New Delhi: As global fuel prices continue to climb following the intensifying conflict in West Asia, BJP IT Cell chief Amit Malviya has highlighted India’s comparatively modest fuel price revision, calling it a significant example of economic resilience during an international crisis.
The sharp rise in crude oil prices was triggered by disruptions in the Strait of Hormuz — one of the world’s most crucial oil transit routes — after tensions escalated in the region earlier this year. Brent crude crossed the $100-per-barrel mark for much of April and early May, pushing fuel prices higher across several major economies.
According to figures shared by Malviya, many countries witnessed steep hikes in petrol and diesel rates between February 23 and May 15, 2026. Myanmar recorded an 89.7 per cent jump in petrol prices and a massive 112.7 per cent increase in diesel rates. Malaysia saw petrol prices rise by 56.3 per cent and diesel by 71.2 per cent, while Pakistan reported increases of 54.9 per cent and 44.9 per cent, respectively.
The United States also saw notable fuel inflation, with petrol prices climbing 44.5 per cent and diesel 48.1 per cent. In the UAE, petrol rose 52.4 per cent while diesel surged 86.1 per cent. European economies such as the UK and Germany also experienced substantial increases.
In contrast, India’s fuel price increase remained limited to 3.2 per cent for petrol and 3.4 per cent for diesel, making it one of the lowest among major market-driven economies.

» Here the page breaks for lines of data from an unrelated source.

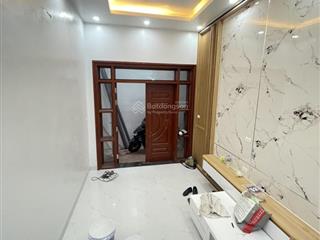 Bán gấp nhà cầu giấy, nhà 5 tầng mới đẹp. diện tích 32 m2. giá bán 7,6 tỷ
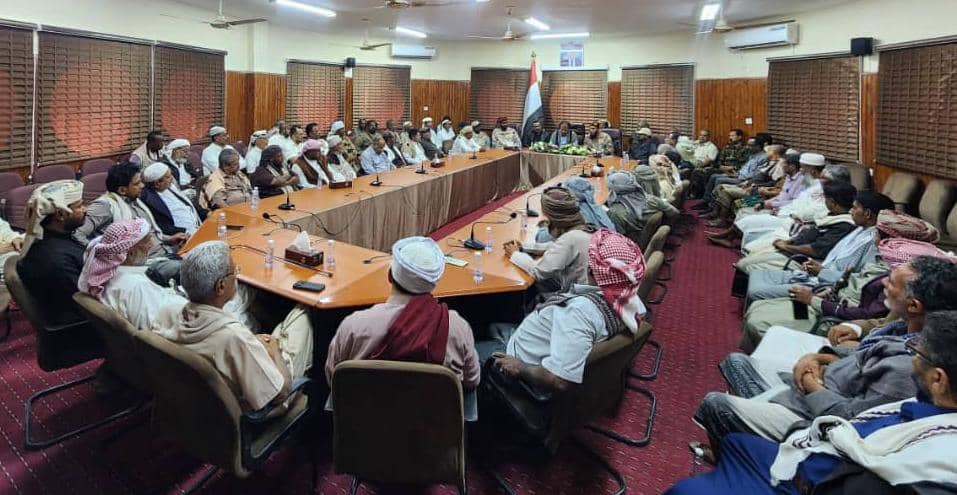 الوكيل العامري يناقش مع القيادات الاجتماعية بمديريتي شبام والقطن آليات تعزيز الأمن والاستقرار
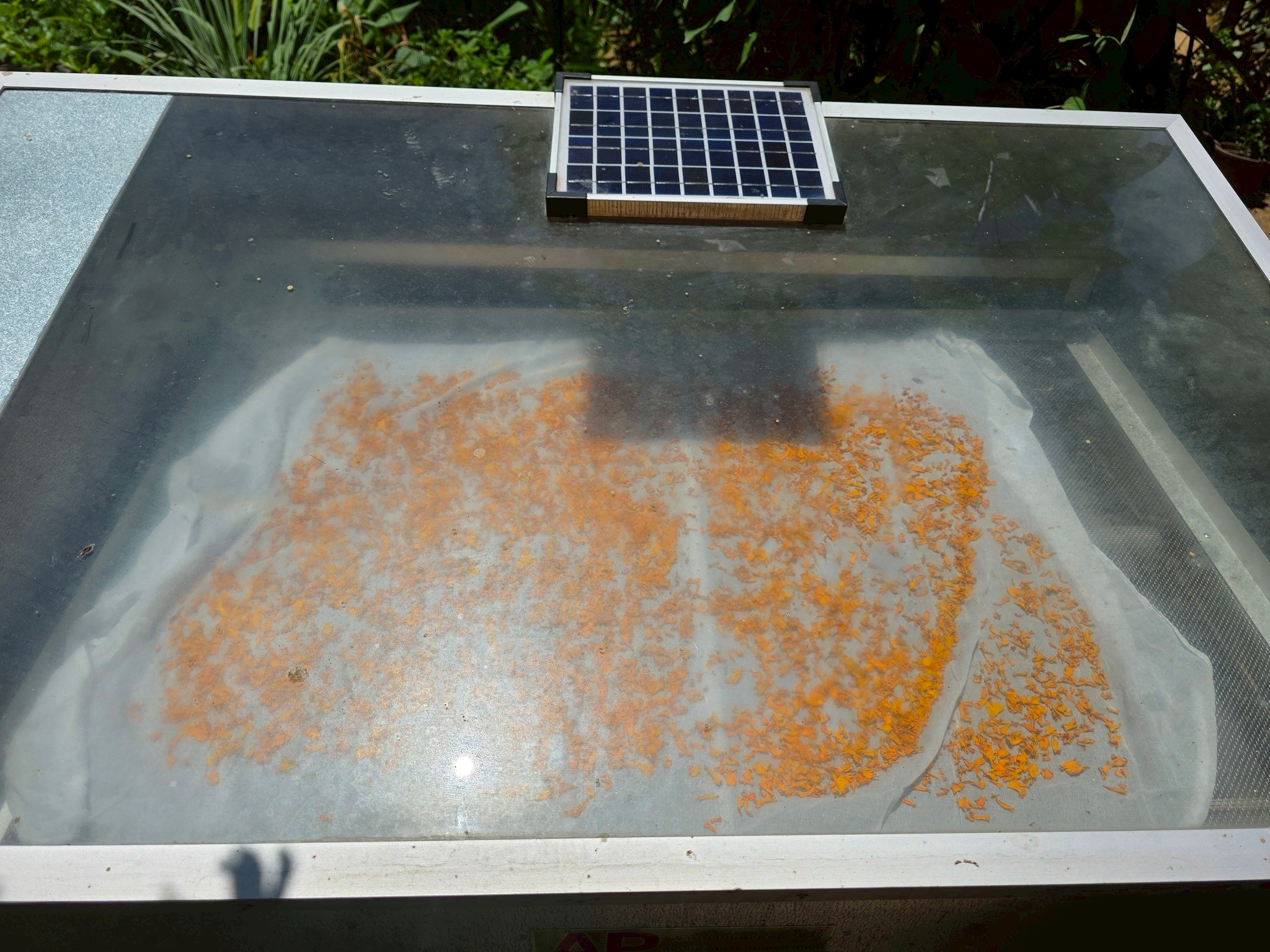 สศก. ชูโมเดล “ไร่เตียวิเศษ” เกาะพะงัน ธุรกิจเกษตรอินทรีย์แบบ Demand-led ใช้ Zero Waste ยกระดับผลิตภาพ ลดต้นทุน 36% สร้างรายได้ 1.28 ล้านบาท/ปีเสริมเสถียรภาพการเงินด้วยรายได้หลายทาง 12 LINE ALBUM เตียวิเศษ 251219 11 0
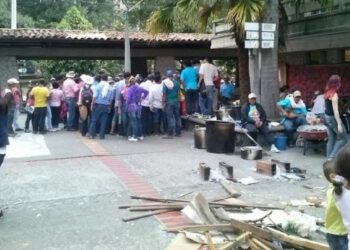 Suman nuevos desplazados por la violencia en Colombia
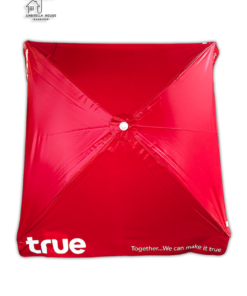 ร่มสนามสกรีนโฆษณาแบรนด์-True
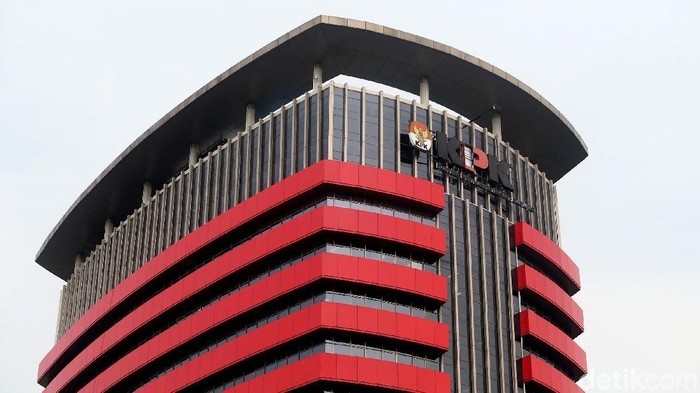 Angin kencang dan hujan deras yang mengguyur Jakarta membuat sebagian huruf P di yang menempel di Gedung KPK Ambrol. Begini penampakannya.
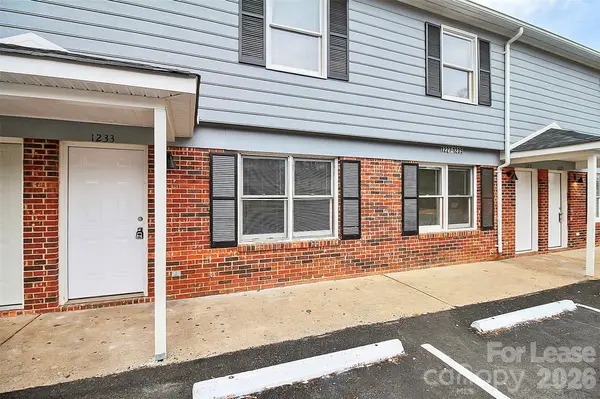 1233 Anderson ST, Gastonia, NC 28054
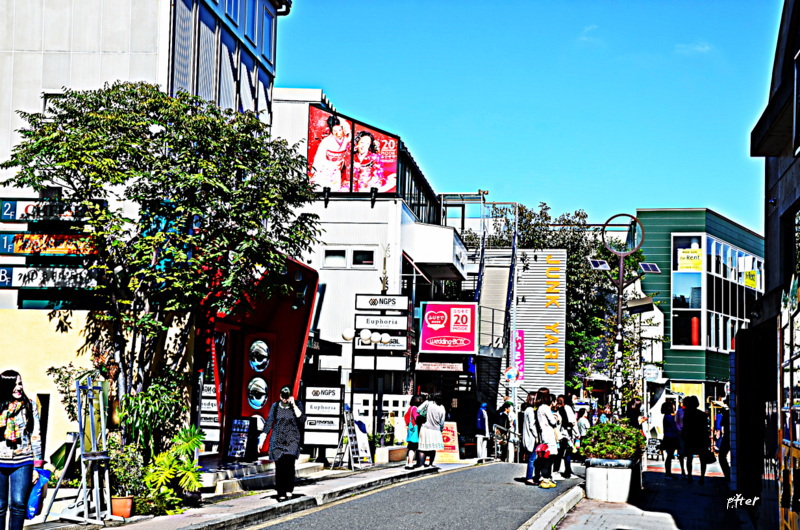 青年に戻れる街　４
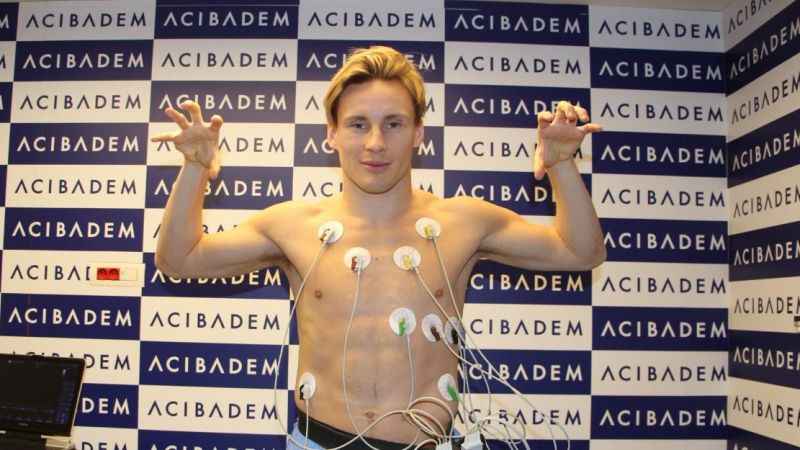 Beşiktaş’ın yeni yıldızı Jonas Svensson, sağlık kontrolünden geçti Beşiktaş’ın yeni yıldızı Jonas Svensson, sağlık kontrolünden geçti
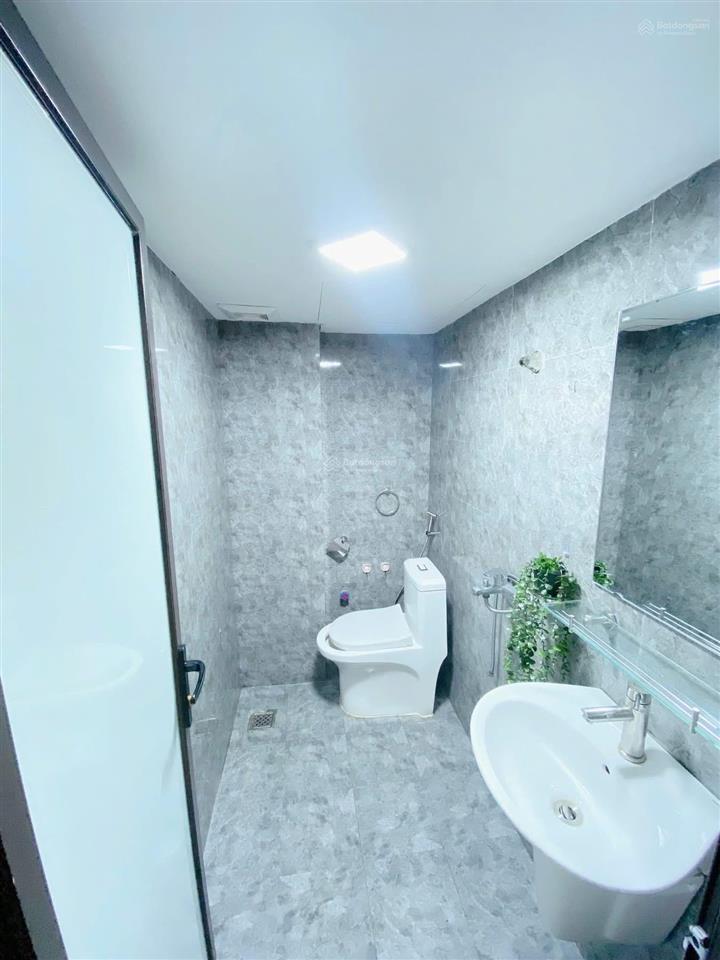 Tòa nhà dòng tiền nguyễn trãi, 11p kk, dòng tiền ~800tr/năm, 40m ra phố, 2 thoáng, 52m*7t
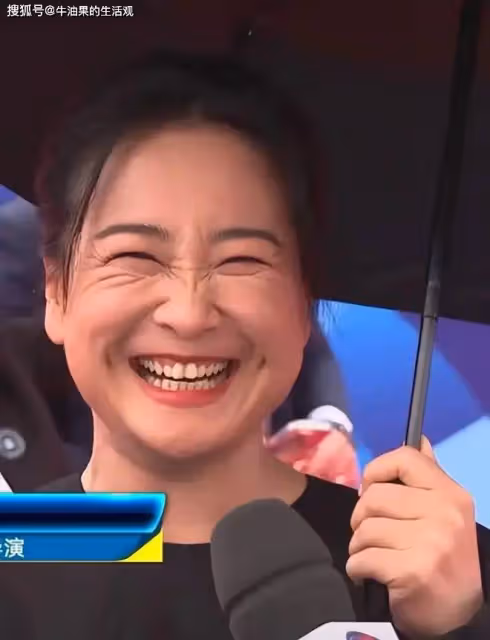 賈玲花200萬減肥反彈40斤,公開亮相巴黎的她,又胖回去了?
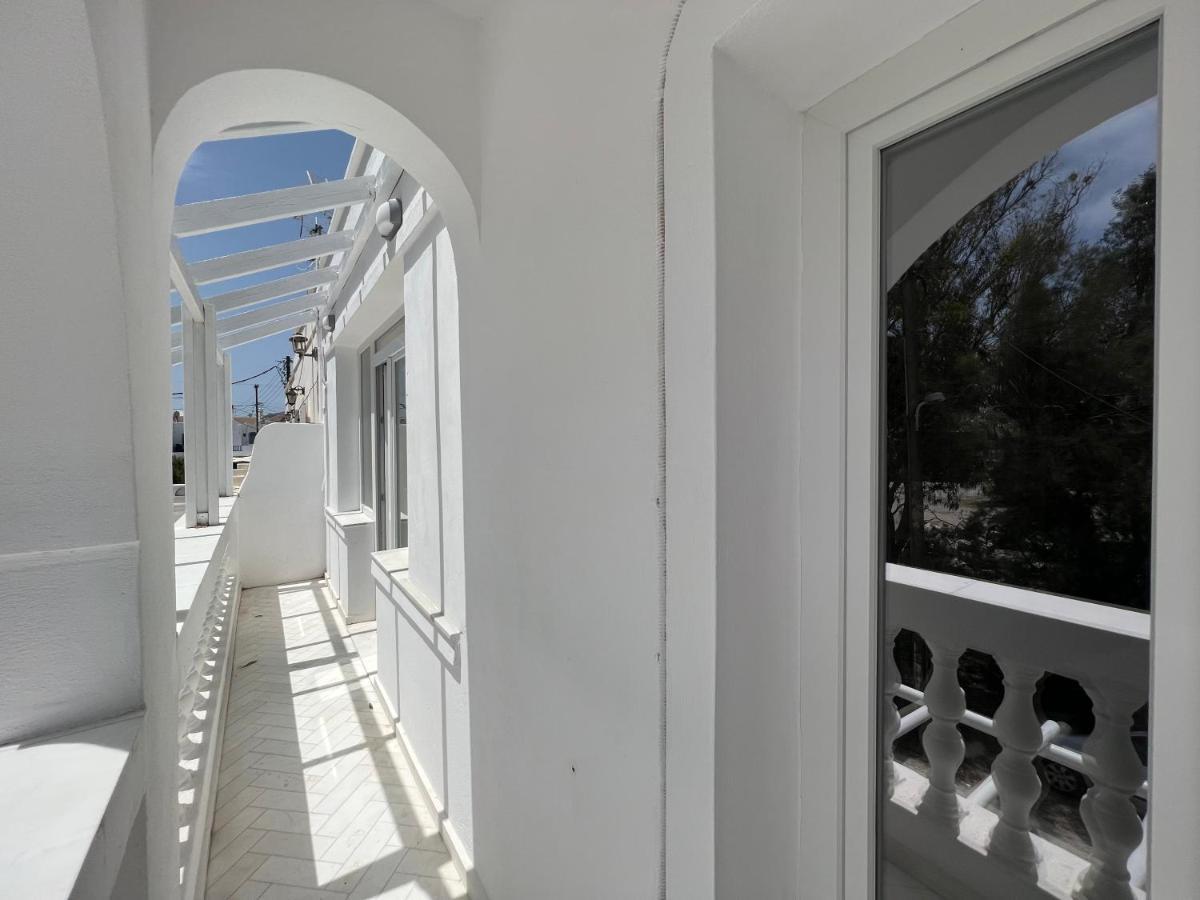 3 Bedroom House Included Free Car Rental Perissa  Buitenkant foto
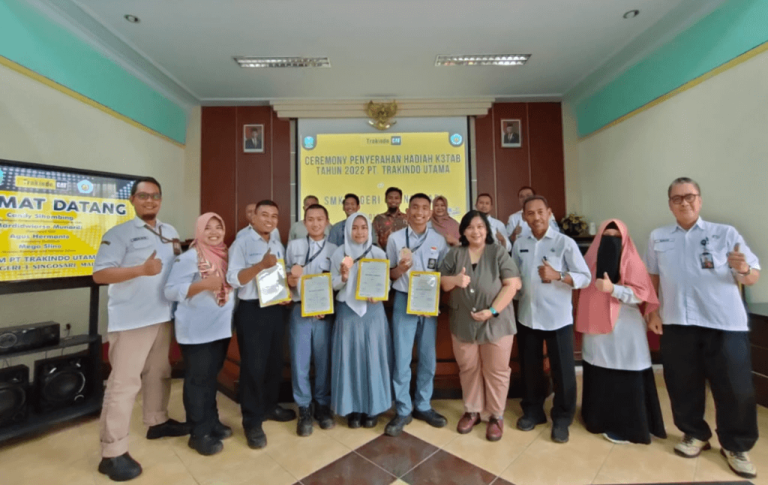 PENERIMA BEASISWA KELAS INDUSTRI COOP. PT TRAKINDO UTAMA TEKNIK ALAT BERAT (2)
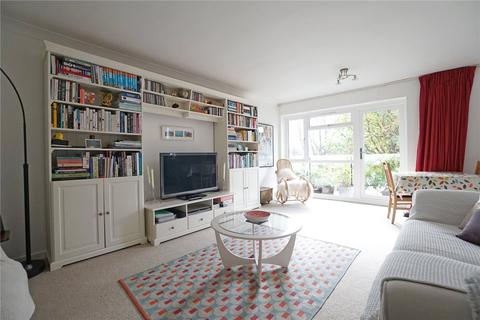 21 Greyladies Gardens, London, SE10 8AU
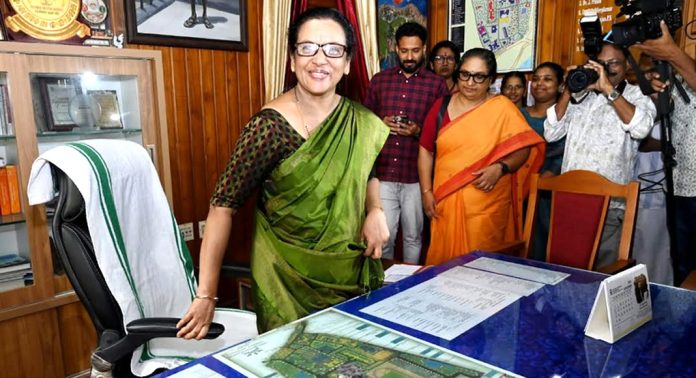 പ്രൊഫ.സിസ തോമസ് – കാലടി ശ്രീശങ്കരാചാര്യ സംസ്കൃത സർവകലാശാലയുടെ പുതിയ വൈസ് ചാന്സലര് പ്രൊഫ.സിസ തോമസ് – കാലടി ശ്രീശങ്കരാചാര്യ സംസ്കൃത സർവകലാശാലയുടെ പുതിയ വൈസ് ചാന്സലര്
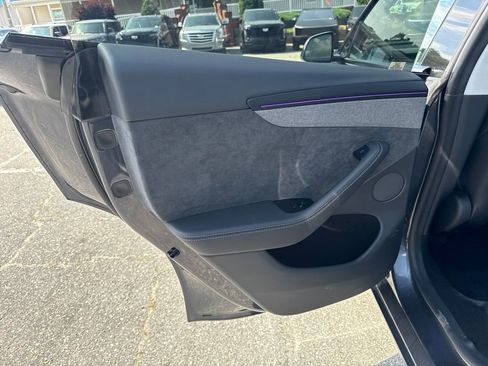 Used 2026 Tesla Model Y 2WD image 31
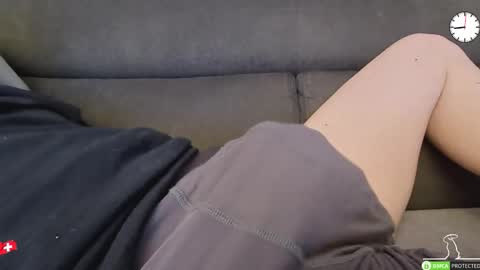 Snapshot of chezmonsieur_g chatting on 03/14/26, 07:41 Grey online show from 03/14/26, 07:41
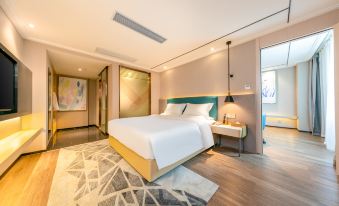 CHEERMAY HOTELS  (Zhuhai Xiangzhou Port Riyuebei Theater Store)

Only Saudi Arabia reported no change, largely due to direct government subsidies.
Malviya stated that this stability was possible because India’s public sector oil marketing companies, which account for nearly 90 per cent of retail fuel sales, absorbed significant financial pressure instead of immediately transferring the burden to consumers.
For nearly 76 days after the conflict intensified, fuel prices in India remained largely unchanged despite mounting global crude costs. Industry estimates suggest these under-recoveries reached nearly Rs 1,000 crore per day.
The Rs 3 per litre revision announced on May 15 marks the first significant price adjustment in nearly four years and represents only a small increase on the average fuel base price.
Malviya argued that controlling fuel inflation is critical because rising fuel costs impact transportation, food prices, logistics and overall household expenses. He described India’s response as a calibrated strategy aimed at protecting citizens from sudden global shocks while maintaining economic stability.
He noted that while several countries passed on steep price increases directly to consumers, India managed to soften the impact significantly, ensuring inflationary pressures remained relatively contained.